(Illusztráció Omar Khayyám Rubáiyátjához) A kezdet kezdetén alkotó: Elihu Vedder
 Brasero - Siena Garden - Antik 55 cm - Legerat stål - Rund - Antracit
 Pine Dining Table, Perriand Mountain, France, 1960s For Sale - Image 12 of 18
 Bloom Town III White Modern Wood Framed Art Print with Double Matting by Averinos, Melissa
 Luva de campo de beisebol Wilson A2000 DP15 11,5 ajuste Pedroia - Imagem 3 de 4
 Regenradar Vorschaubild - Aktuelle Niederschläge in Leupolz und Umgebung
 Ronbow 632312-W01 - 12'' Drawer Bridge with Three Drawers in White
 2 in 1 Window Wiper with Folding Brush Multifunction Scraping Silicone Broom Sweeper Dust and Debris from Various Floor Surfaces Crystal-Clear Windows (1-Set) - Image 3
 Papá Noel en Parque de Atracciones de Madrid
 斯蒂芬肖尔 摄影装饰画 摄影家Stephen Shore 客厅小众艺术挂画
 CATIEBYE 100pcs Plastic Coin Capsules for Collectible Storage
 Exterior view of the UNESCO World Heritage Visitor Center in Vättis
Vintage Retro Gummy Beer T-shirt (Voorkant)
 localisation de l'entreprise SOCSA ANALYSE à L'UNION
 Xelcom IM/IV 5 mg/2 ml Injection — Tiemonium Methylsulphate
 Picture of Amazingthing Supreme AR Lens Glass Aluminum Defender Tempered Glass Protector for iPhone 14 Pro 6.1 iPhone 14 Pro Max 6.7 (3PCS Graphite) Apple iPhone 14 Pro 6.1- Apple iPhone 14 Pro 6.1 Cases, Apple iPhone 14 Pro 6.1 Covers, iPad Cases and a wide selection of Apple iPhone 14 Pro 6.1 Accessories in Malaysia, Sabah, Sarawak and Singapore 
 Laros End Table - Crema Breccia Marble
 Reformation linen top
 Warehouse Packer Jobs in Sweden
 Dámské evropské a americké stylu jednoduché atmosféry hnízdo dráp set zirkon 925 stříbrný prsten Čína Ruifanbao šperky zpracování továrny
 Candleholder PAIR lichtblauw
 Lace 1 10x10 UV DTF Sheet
== == ==
• **WORK TO BE COMPLETED**:
Retype all of the material above. Do not alter a single word.

• **SOLUTION TO THIS EXERCISE**:
(Illusztráció Omar Khayyám Rubáiyátjához) A kezdet kezdetén alkotó: Elihu Vedder
 Brasero - Siena Garden - Antik 55 cm - Legerat stål - Rund - Antracit
 Pine Dining Table, Perriand Mountain, France, 1960s For Sale - Image 12 of 18
 Bloom Town III White Modern Wood Framed Art Print with Double Matting by Averinos, Melissa
 Luva de campo de beisebol Wilson A2000 DP15 11,5 ajuste Pedroia - Imagem 3 de 4
 Regenradar Vorschaubild - Aktuelle Niederschläge in Leupolz und Umgebung
 Ronbow 632312-W01 - 12'' Drawer Bridge with Three Drawers in White
 2 in 1 Window Wiper with Folding Brush Multifunction Scraping Silicone Broom Sweeper Dust and Debris from Various Floor Surfaces Crystal-Clear Windows (1-Set) - Image 3
 Papá Noel en Parque de Atracciones de Madrid
 斯蒂芬肖尔 摄影装饰画 摄影家Stephen Shore 客厅小众艺术挂画
 CATIEBYE 100pcs Plastic Coin Capsules for Collectible Storage
 Exterior view of the UNESCO World Heritage Visitor Center in Vättis
Vintage Retro Gummy Beer T-shirt (Voorkant)
 localisation de l'entreprise SOCSA ANALYSE à L'UNION
 Xelcom IM/IV 5 mg/2 ml Injection — Tiemonium Methylsulphate
 Picture of Amazingthing Supreme AR Lens Glass Aluminum Defender Tempered Glass Protector for iPhone 14 Pro 6.1 iPhone 14 Pro Max 6.7 (3PCS Graphite) Apple iPhone 14 Pro 6.1- Apple iPhone 14 Pro 6.1 Cases, Apple iPhone 14 Pro 6.1 Covers, iPad Cases and a wide selection of Apple iPhone 14 Pro 6.1 Accessories in Malaysia, Sabah, Sarawak and Singapore 
 Laros End Table - Crema Breccia Marble
 Reformation linen top
 Warehouse Packer Jobs in Sweden
 Dámské evropské a americké stylu jednoduché atmosféry hnízdo dráp set zirkon 925 stříbrný prsten Čína Ruifanbao šperky zpracování továrny
 Candleholder PAIR lichtblauw
 Lace 1 10x10 UV DTF Sheet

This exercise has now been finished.